Hope Keeps Larson's Rebuilding Effort on Course
It was like nothing Siouxland had ever seen. Until the summer of 2011, Gavins Point Dam had never released more than 70,000 cubic feet of water per second, KTIV-TV, Sioux City, Iowa, reported.
By late May, releases were expected to reach 110,000 to 120,000 cfs. Even those estimates fell short.
On June 23, the dam reached an astounding peak of 160,000 cfs, enough to fill more than 2 million, 2-liter soda bottles every second.
That water ended up drowning an RV and trailer community called Larson's Landing, near Yankton, S.D.
Folks made it out OK, but many of their summer homes were lost.
Larry Steinbrecher has set up camp in Larson's Landing near Yankton, South Dakota, for three years now.
Last summer's record flooding destroyed more than just his campsite. "For myself, it was just an unmanageable," he said.
Sandbags were set up to keep the current from sweeping away the river bank. They're still there.
Owner Doug Larson said they may have saved part of the land. But when the water receded, he didn't even know where to begin.
"There was so much debris and junk and it was really just disheartening to look at it all," said Larson.
Last year, when Steinbrecher heard about the possibility of flood waters moving in, he had moved everything out.
"We had trailers and trucks and all kinds of stuff, packed out. When we left there was nothing on our property except for sand," said Steinbrecher.
The Steinbrechers were one of the first families to move back in after the waters receded.

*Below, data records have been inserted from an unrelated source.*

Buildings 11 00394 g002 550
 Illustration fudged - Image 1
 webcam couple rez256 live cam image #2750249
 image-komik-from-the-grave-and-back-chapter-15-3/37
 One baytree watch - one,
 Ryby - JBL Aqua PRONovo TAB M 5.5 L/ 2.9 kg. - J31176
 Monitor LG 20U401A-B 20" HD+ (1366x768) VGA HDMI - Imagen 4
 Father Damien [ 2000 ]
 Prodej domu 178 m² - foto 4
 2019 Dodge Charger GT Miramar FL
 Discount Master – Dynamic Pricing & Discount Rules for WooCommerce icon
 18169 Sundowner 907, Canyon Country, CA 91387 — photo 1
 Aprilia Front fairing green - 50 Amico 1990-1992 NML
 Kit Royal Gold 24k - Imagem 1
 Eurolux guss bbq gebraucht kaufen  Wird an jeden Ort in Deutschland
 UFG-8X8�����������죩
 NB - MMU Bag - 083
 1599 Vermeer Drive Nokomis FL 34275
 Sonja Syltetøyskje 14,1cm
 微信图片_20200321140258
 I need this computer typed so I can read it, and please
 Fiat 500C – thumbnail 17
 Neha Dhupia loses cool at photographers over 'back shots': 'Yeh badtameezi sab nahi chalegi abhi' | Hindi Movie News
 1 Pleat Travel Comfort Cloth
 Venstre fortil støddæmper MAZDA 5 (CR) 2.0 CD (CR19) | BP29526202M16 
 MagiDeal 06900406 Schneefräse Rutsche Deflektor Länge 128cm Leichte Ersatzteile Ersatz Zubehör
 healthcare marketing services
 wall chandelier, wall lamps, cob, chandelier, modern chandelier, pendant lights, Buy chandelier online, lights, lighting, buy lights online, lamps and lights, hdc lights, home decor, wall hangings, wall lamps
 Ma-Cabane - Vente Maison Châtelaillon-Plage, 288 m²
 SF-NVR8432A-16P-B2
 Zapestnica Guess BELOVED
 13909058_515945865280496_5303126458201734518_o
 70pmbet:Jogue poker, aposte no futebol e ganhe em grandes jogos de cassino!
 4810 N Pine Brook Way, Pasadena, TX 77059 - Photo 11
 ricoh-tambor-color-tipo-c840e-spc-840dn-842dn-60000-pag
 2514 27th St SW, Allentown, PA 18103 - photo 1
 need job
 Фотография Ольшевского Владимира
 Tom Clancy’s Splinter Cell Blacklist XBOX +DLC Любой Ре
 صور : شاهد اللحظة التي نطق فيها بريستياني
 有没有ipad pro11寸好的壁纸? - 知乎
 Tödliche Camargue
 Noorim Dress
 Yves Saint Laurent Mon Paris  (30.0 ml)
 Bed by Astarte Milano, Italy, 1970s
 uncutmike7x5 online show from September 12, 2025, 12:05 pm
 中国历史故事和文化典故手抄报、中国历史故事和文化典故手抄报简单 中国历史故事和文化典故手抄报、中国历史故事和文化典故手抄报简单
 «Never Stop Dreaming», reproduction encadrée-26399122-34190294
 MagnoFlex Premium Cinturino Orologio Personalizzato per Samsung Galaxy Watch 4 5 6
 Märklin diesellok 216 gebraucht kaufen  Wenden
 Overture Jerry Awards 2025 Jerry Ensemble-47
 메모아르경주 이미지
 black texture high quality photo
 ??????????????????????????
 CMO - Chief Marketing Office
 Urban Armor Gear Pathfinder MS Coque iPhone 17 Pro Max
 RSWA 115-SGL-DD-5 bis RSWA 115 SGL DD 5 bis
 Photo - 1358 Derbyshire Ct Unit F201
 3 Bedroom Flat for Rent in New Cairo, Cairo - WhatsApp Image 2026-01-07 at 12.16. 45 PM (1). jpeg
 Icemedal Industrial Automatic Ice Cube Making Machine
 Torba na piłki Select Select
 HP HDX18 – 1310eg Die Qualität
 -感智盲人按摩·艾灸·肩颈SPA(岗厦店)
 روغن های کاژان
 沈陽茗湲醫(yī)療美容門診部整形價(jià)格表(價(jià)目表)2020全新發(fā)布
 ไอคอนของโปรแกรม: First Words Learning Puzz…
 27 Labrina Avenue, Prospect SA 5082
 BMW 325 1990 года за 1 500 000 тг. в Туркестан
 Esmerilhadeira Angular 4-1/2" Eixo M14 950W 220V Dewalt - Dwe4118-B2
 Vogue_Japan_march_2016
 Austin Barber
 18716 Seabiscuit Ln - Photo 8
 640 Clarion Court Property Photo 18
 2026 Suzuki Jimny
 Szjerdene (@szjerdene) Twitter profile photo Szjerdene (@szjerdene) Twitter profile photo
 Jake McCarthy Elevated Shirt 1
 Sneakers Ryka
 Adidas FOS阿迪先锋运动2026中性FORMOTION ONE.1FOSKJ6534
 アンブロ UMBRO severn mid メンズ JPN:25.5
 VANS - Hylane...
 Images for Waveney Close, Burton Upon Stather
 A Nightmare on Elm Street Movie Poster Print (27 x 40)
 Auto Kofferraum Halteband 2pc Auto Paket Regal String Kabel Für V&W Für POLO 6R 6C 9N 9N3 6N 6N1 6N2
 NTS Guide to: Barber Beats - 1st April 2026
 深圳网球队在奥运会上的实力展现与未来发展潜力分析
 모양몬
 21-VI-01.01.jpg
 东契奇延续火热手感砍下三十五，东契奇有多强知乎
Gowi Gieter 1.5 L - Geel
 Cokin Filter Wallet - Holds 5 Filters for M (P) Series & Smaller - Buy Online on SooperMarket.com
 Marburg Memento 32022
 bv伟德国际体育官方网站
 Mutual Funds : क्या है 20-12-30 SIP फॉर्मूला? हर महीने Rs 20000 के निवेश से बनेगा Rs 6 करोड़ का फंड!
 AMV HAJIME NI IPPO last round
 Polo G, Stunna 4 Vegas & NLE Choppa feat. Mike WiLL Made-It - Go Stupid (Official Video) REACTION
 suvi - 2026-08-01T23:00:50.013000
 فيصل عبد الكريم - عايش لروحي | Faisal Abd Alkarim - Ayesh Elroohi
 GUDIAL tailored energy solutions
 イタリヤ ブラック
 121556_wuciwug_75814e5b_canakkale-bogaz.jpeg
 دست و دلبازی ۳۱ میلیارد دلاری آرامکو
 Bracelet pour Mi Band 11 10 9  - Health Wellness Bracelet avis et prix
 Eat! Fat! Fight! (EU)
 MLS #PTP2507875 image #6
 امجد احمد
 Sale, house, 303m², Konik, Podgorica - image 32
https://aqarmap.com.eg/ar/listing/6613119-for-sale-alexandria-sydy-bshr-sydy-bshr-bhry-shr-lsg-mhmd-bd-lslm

Now, like many other residents, Steinbrecher spends most of his days clearing the shoreline and grinding up stumps and driftwood.
"We have the second shot at doing stuff," said Steinbrecher. "So, when we came back we really had a chance to improve on our site."
While waters knocked out a large portion of the beach at Larson's Landing, including a section that used to be a volleyball court, the Larsons are confident that they'll be able to rebuild, even if it takes some time.
That hope is what keeps Larson going.
"If it wasn't for that," said Larson. "Linda and I would have jumped in the river a long time ago."
Doug Larson hopes to have 30 new pads ready for residents by the Fourth of July.